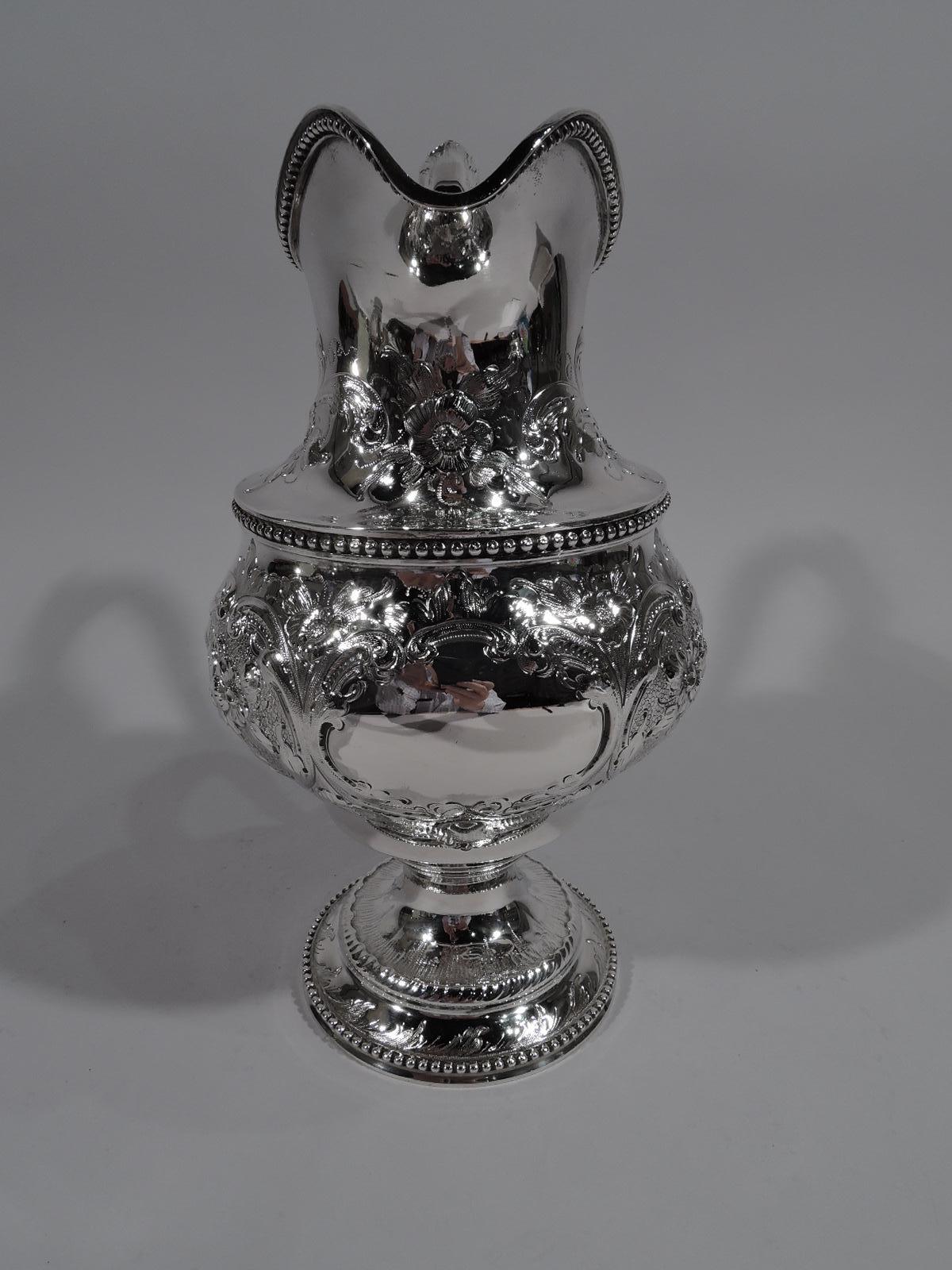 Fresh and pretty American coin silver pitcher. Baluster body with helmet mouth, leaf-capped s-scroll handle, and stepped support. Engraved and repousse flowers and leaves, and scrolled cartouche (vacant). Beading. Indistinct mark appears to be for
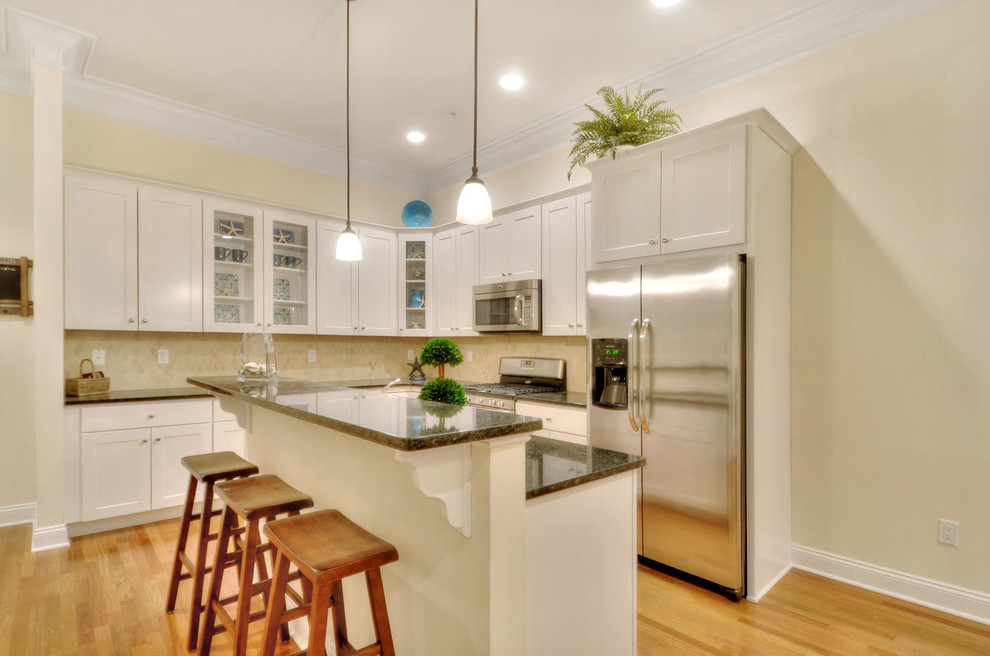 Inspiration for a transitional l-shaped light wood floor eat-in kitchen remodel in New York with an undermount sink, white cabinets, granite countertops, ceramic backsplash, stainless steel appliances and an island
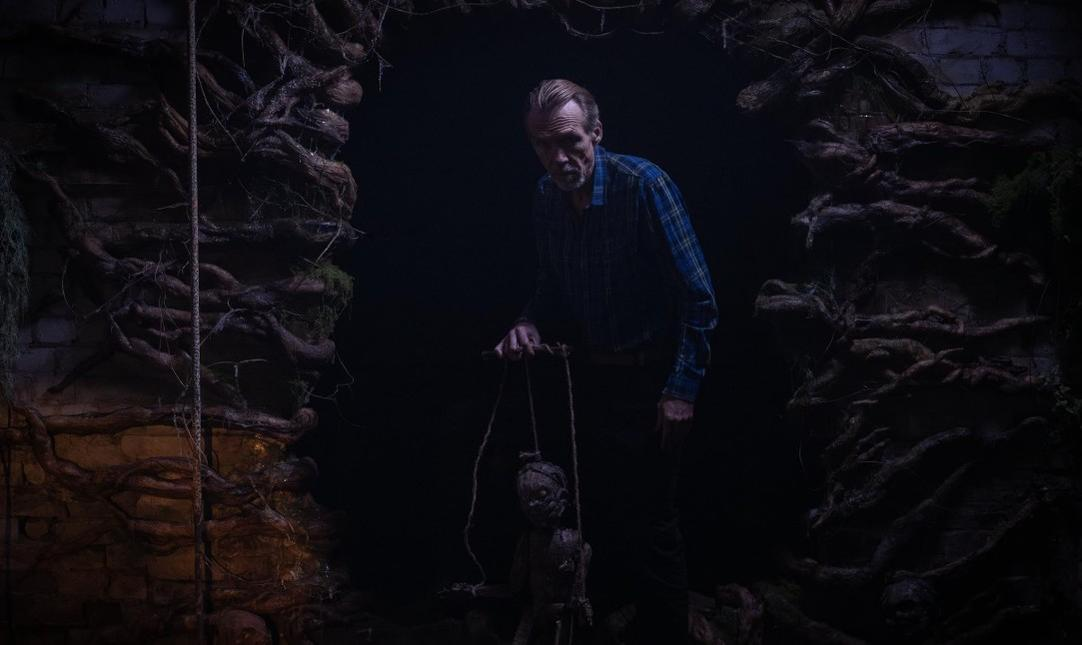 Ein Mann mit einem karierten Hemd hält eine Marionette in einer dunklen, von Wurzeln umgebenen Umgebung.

PROBLEM REQUIREMENTS:
The line with "Inspiration for a" marks the start, and the last line of the material marks the end. Reproduce exactly those two lines and every line between them, without the pictures.

WRITTEN SOLUTION:
 Inspiration for a transitional l-shaped light wood floor eat-in kitchen remodel in New York with an undermount sink, white cabinets, granite countertops, ceramic backsplash, stainless steel appliances and an island
 Ein Mann mit einem karierten Hemd hält eine Marionette in einer dunklen, von Wurzeln umgebenen Umgebung.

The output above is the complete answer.